Victim of alleged Facebook stalker speaks

BROWNS MILLS, N.J. - September 27, 2012

Police say Wyatt threatened to kidnap Caylie, along with more than two dozen other women and girls from twenty towns in New Jersey and as far away as Wisconsin.

"He said I had two weeks left to live before he brought me from point A to point B specifically," Boggess said.

He's being held in the Atlantic County Jail on multiple counts of making terroristic threats.

"It was just very nerve-wracking all the time. I never went anywhere by myself," Boggess said.

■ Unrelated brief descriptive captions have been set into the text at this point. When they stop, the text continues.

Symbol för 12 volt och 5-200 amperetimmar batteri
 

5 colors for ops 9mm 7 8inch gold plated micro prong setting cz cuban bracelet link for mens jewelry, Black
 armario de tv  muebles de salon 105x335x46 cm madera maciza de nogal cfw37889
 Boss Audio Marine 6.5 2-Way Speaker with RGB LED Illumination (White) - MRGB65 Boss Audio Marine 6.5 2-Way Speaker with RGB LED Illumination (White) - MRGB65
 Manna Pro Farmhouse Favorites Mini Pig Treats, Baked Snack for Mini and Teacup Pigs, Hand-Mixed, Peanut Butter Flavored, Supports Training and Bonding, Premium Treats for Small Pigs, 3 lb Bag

Police say Wyatt used Facebook to find his victims and then delivered his kidnapping threats in online messages or via cell phone after getting their numbers from their profiles.

When Caylie was threatened, her mom reported it to the Pemberton Police Department and to the Center for Missing and Exploited Children.

"I wasn't going to just lay down and let this happen. This is my daughter, I need to protect her. I need to protect all my children," Cindy Boggess said.

State police were assisting Pemberton police with Caylie's case, when they got a call from Voorhees police, who were looking into four similar incidents.

"That's when we made the connection that it was actually the same suspect who's harassing all the girls; that's when it got larger," New Jersey State Police Detective Chris Camm said.